By BLR Founder and Publisher Bob Brady
As Bob Brady (and many of you) will be taking some time off next week, here are his thoughts as one year ends and a new one begins. Bob’s next new column will appear in January. Happy holidays from Bob and all at BLR!
I’ve been writing this column for 6 months. Unlike most of my writing during my 30-year career, it allows me almost total freedom to pick whatever subject I want and hold forth with an E-pinion. It’s a labor of love and has given me a lot of satisfaction, particularly when readers respond with their views. Thanks to all of you who have done so.
Your comments have prompted me to think about where HR has come from, and where we’re going. Here—at the end of one year and the beginning of another– are a few thoughts about where we should be going:
Strategic Focus and Mission
What I wish for most is that HR could take its rightful place at the strategic table. Too often we’re not taken seriously, and too often the reason is that we see ourselves as “HR guys” rather than as professional managers committed to helping our organizations succeed. HR represents the “enlightened view” of business self-interest, but we have to be business people first, and HR people second.
HR’s biggest challenge (and biggest opportunity) is in the area of strategy. We need to know what kind of organization we work for; what its strategy is; and how our HR strategies should be crafted to help the business meet its objectives:. Marketplace success is almost always the most important organizational metric—even for nonprofits—and HR has to stay focused on seeing our service to people as a means to that end.
Healthcare Costs
One of the scariest problems facing business today is healthcare costs. Just about the only thing that we, as HR managers, can do to impact costs in the short to medium term has to do with wellness. If we can help our employees and their families improve their health habits, we can impact healthcare costs. It’s not immediate. It’s slow, but it is sure.
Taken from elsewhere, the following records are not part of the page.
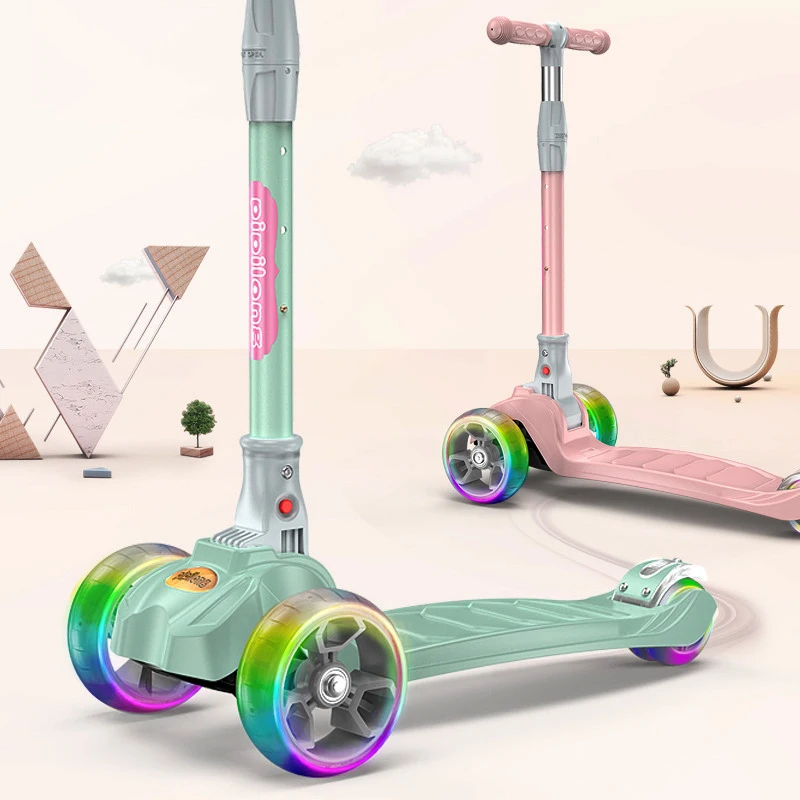 
Top quality ABS big flash wheel 4 cm widen kick kids scooter with height adjustable 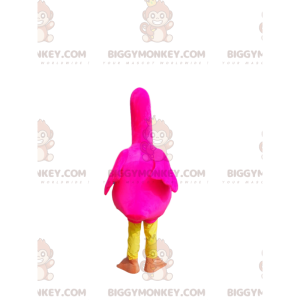 BIGGYMONKEY™ Disfraz de mascota de flamenco rosa neón con ojos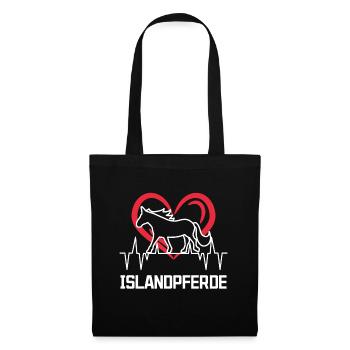 Herz Pferde Islandpferde Pferdeliebe Spruch - Stoffbeutel - Schwarz - Vorne
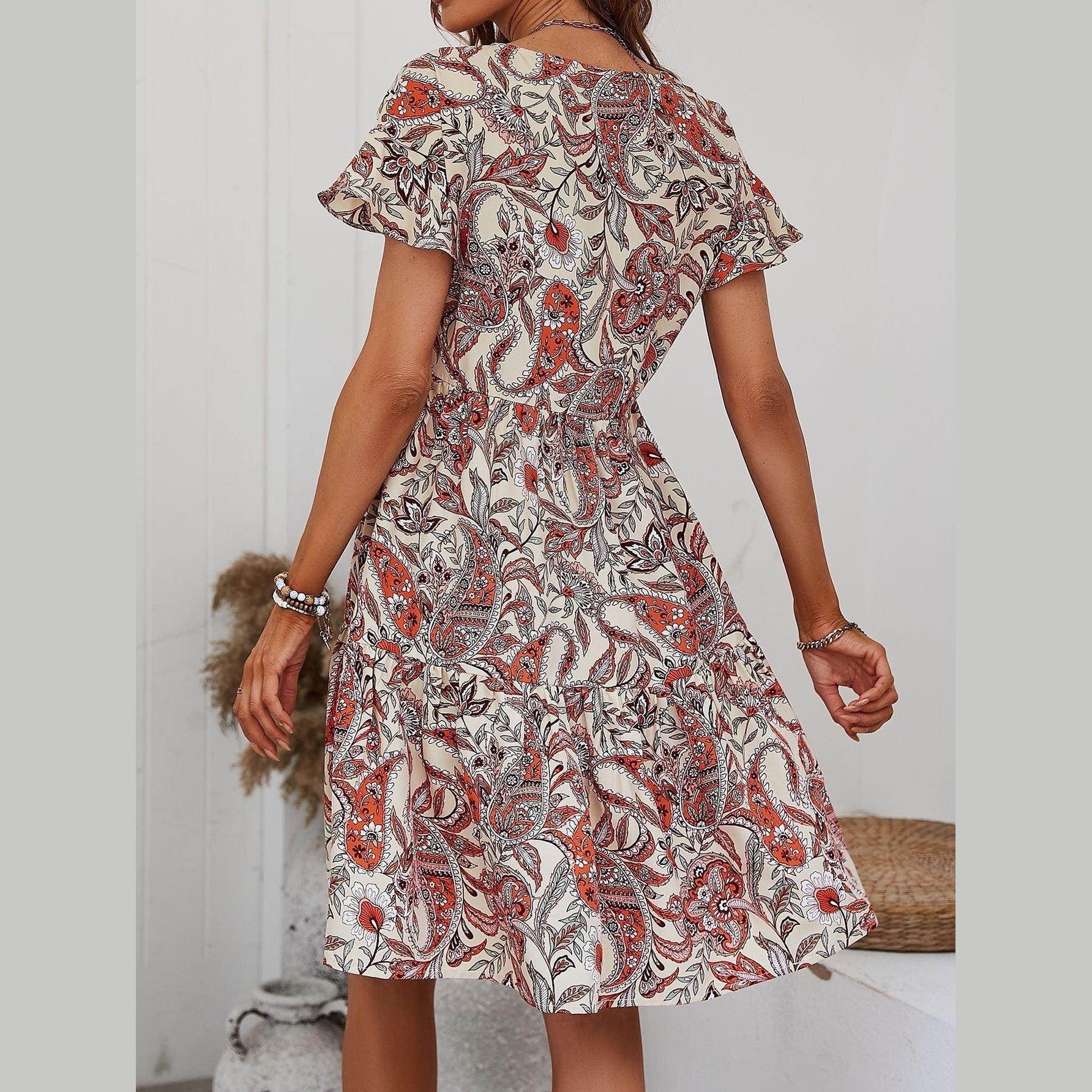 Printed V-Neck Tiered Dress - VacationGrabs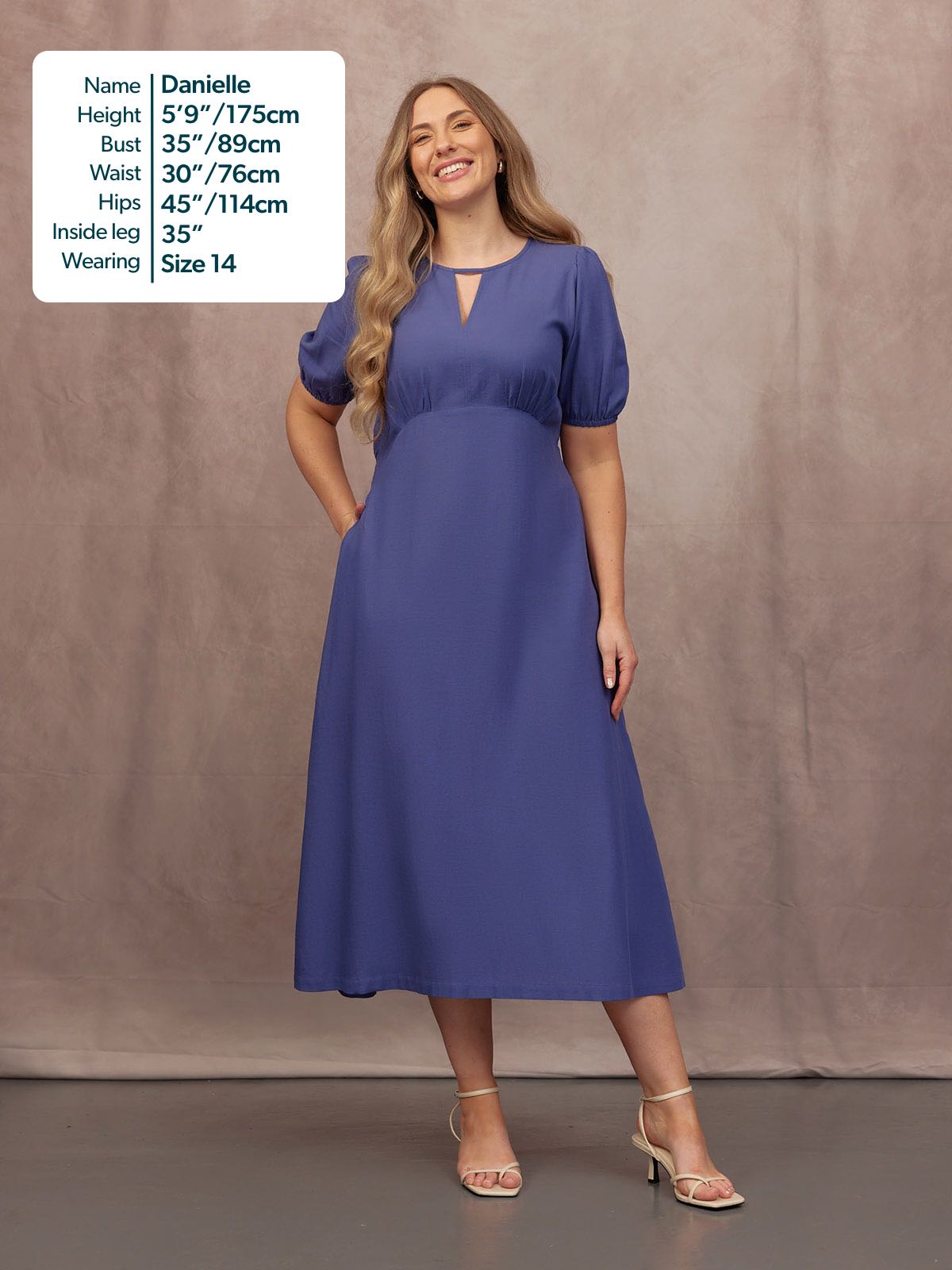 Lydia Bar Neckline Short Sleeve Dress - Blue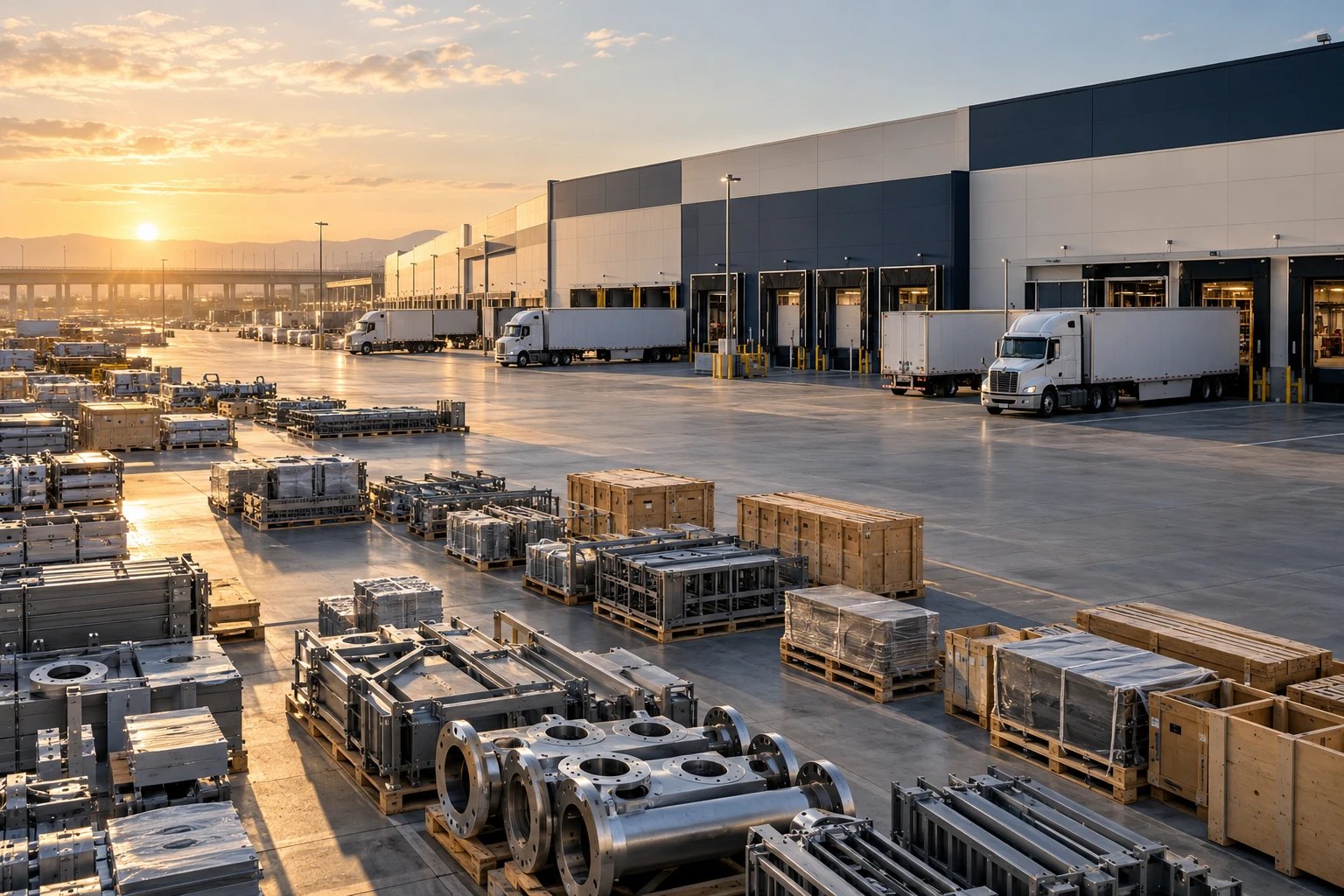 Palletised inventory and trucks at a logistics yard at sunset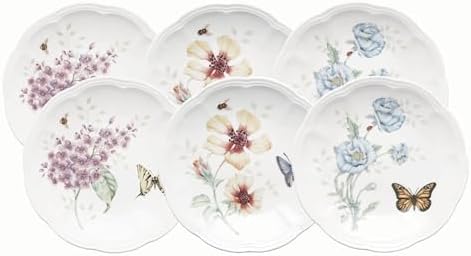 Lenox Butterfly Meadow 6-Piece Tidbit Plates, Dessert Plate Set for 6 by Lenox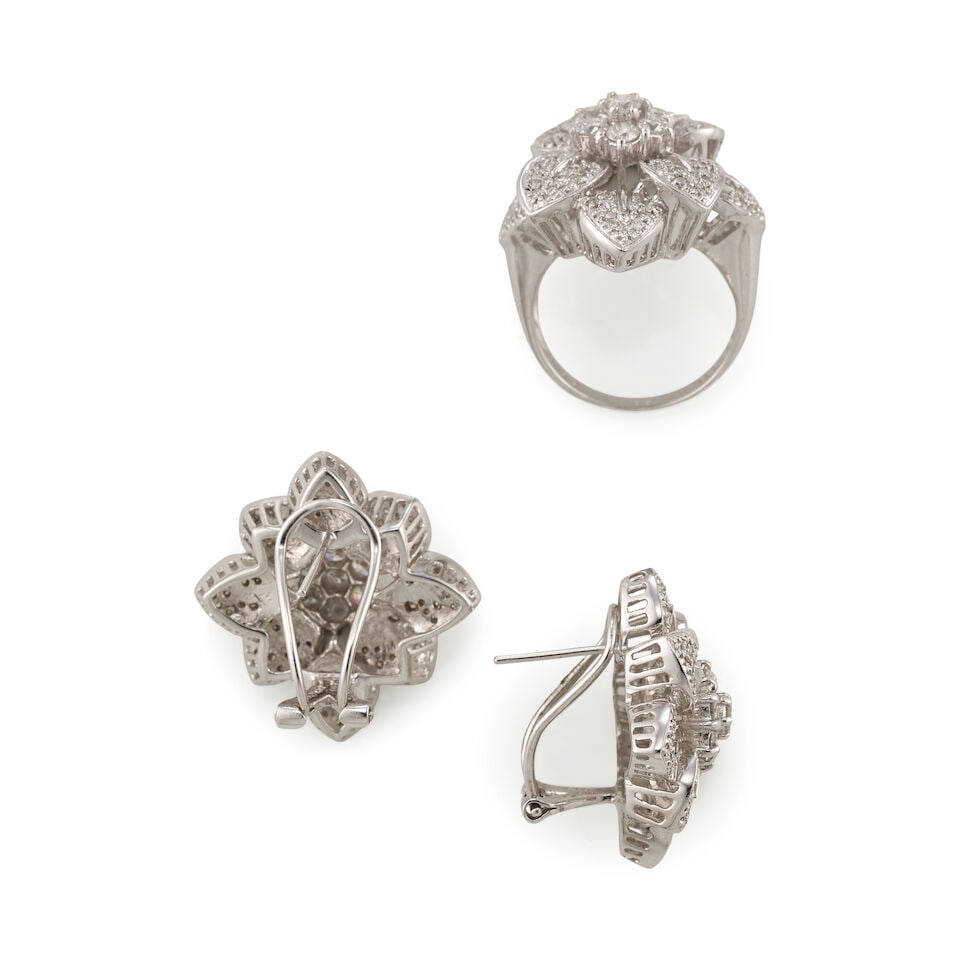 18K GOLD AND DIAMOND RING AND EARRINGS - 3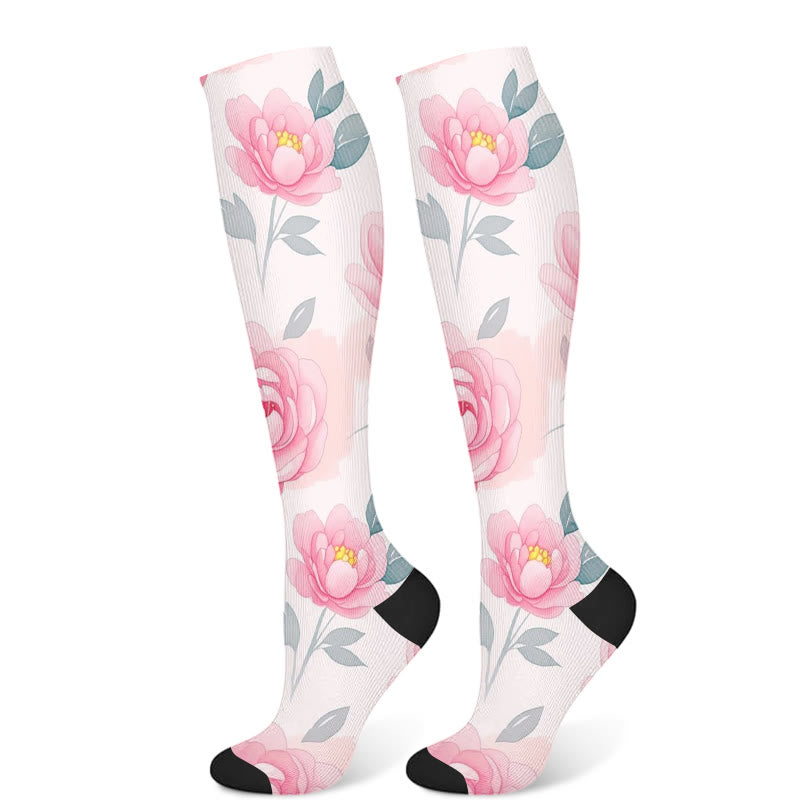 Yellow Pink Blooming Flower Compression Socks(3 Pairs) - Pink(1 Pair) - S/M - image 8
A faster path is in the area of “presenteeism”— the term refers to an employee being physically present but not performing well because of illness or injury. I’m not talking about people coming to work when they are sick, out of a misguided sense of duty, but, rather, about people whose nutrition or lifestyle choices cause them to be sleep-deprived, hungover, etc. If we can change habits that lead to poor performance, we can improve productivity right now, while our overall wellness programs cut into insurance costs.
Equality and Fairness
The press is filled regularly with accounts of corporate CEOs who make hundreds of millions per year, even as skilled jobs are exported overseas and Congress equivocates about token changes to the federal minimum wage. While labor cost control is important to keep a competitive advantage in the global economy, this necessary tension seems out of balance. This may be one area in which HR can act as a corporate conscience.
Asset Building
People are an asset; not a cost. Employees who improve their skills make themselves more valuable to their employers. In the constant battle to keep costs under control, investments in training and development are often budget casualties. Looking for low- cost alternatives, and getting the most for every training dollar, should be an HR priority.
Ethics and Values
Enron and other corporate scandals remind us of the need for ethics and values. HR is a leader here. As we look at the new year, we should all commit to maintaining and raising the ethical values of our organizations. Our employees deserve it.
Happy holidays, and as always, I’d love to hear your views. Email me at Rbrady@blr.com
I agree that HR can impact the cost of healthcare by focusing on the two areas you mention, but there is a third. HR can also impact the cost of healthcare by better educating themselves on how the carriers determine the “premium rates” for their companies. I have come to know that a significant aspect of the rate calculation is based on carrier discretion and the broker’s motivation or negotiation skills (or lack there of). Unfortunately, there is an obvious conflict of interest since most brokers are paid based on the percent of the premium. HR could better serve their company and its employees by learning more about how the company’s benefits are marketed and priced. I have been consulting in this area for the past 5-years and consistently see a lack of knowledge by HR in this area.